Mon Dec 10 08:33:13 EST 2012

On Mon, Dec 10, 2012 at 01:02:17PM +0000, Steven Rostedt wrote:
> On Mon, 2012-12-10 at 10:04 +0000, Will Deacon wrote:
> > Hi Jon,
> > 
> > Back-pedalling a bit here, but I'm confused by one of your points below:
> > 
> > On Fri, Dec 07, 2012 at 05:45:47PM +0000, Jon Medhurst (Tixy) wrote:
> > > On Fri, 2012-12-07 at 12:13 -0500, Steven Rostedt wrote:
> > > > I'll make my question more general:
> > > > 
> > > > If I have a nop, that is a size of a call (branch and link), which is
> > > > near the beginning of a function and not part of any conditional, and I
> > > > want to convert it into a call (branch and link), would adding a
> > > > breakpoint to it, modifying it to the call, and then removing the
> > > > breakpoint be possible? Of course it would require syncing in between
> > > > steps, but my question is, if the above is possible on a thumb2 ARM
> > > > processor?
> > > 
> > > I believe so. The details are (repeating your earlier explanation) ...
> > > 
> > > 1. Replace first half of nop with 16bit 'breakpoint' instruction.
> > 
> > Sort of -- you'd actually need 2x16-bit nops to make this work.
> 
> Why?

Because the architecture doesn't provide any guarantees about concurrent
modification of 32-bit nop instructions.

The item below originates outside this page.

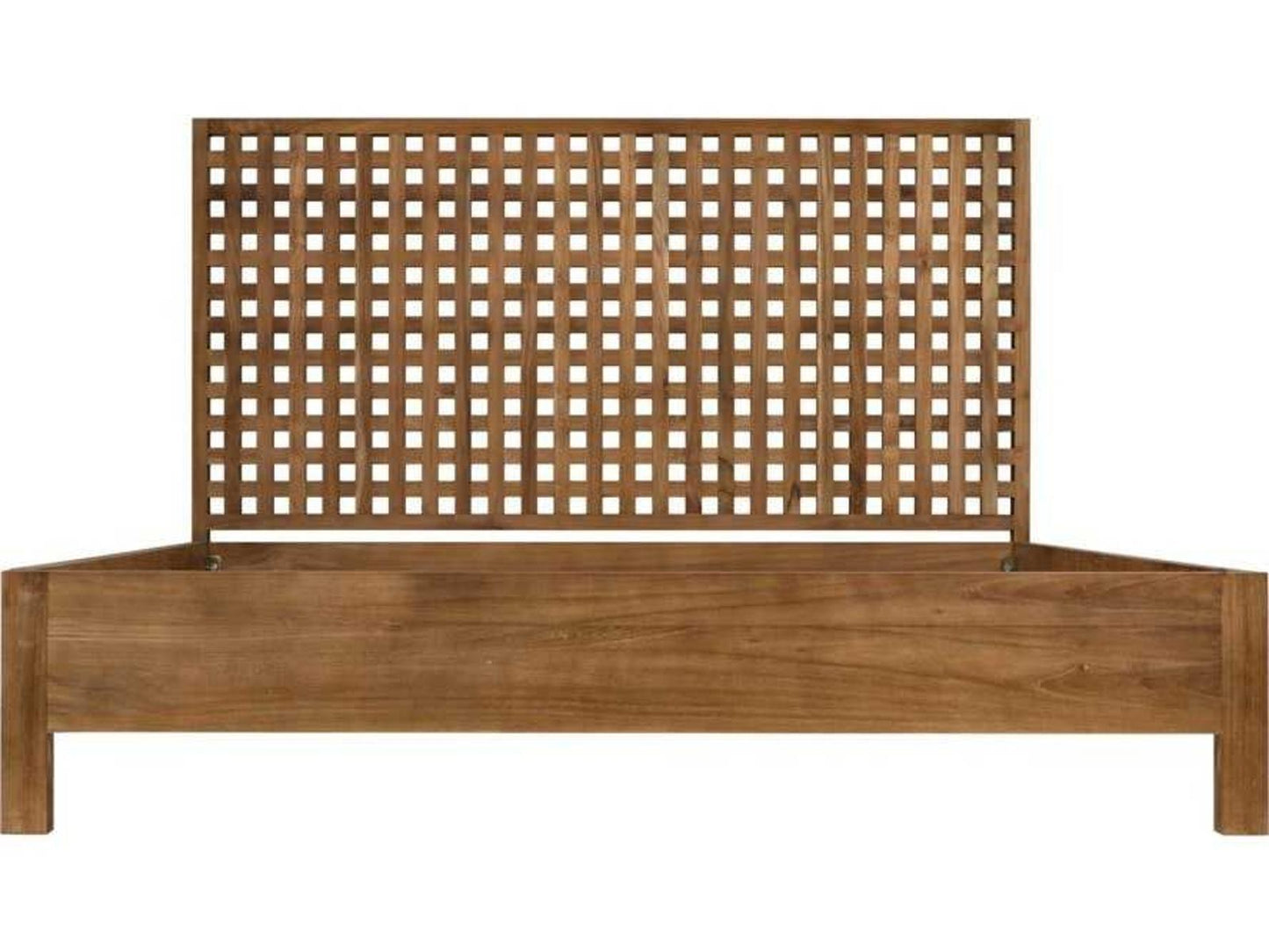 Quinnton Natural Teak Wood Queen Platform Bed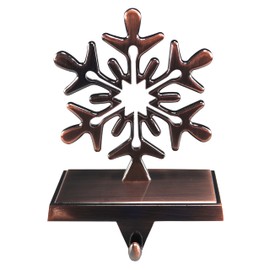 Iconikal Snowflake Stocking Hanger Holder, Oil-Rubbed Bronze, 4-Pack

If you stop the world every time,
fine, but that's what we're trying to avoid, right?

> > > However, wouldn't we need any of this breakpoint malarkey, why not just
> > > just use a 16-bit branch instruction which branches over the second half
> > > of the nop? :-)
> > 
> > Yes, and I think if you do use two 16-bit nops, you can even get rid of all
> > the intermediate `sync' operations (I guess you might want one at the end if
> > you want the call to become visible at a particular point).
> 
> Wont work. We are replacing a 32bit call with a nop. That nop must also
> be 32bits, because we could eventually replace the nop(s) with a 32bit
> call. Basically, we can never allow the second 16bit part ever be the
> next instruction. If the first 16bit nop is executed, and then the task
> gets preempted. The nops get converted to a 32bit call. The task gets
> scheduled again and now is executing the second 16bits of the 32bit call
> and we get unexpected (probably crashing) results.

Damn, I didn't realise you wanted to put the 32-bit call back on
pre-emption. Still, the `sync' is not needed when patching in a b for a nop.

> By having either a 16bit breakpoint whose handler returns after the
> second 16bit part, or a 16bit jump that simply jumps over the second
> half, then all this should work. When the CPU processes a 32bit
> instruction, it either processes all or non of it, correct?

If you have two 16-bit nops, patching the first to branch over the second
will work.

Will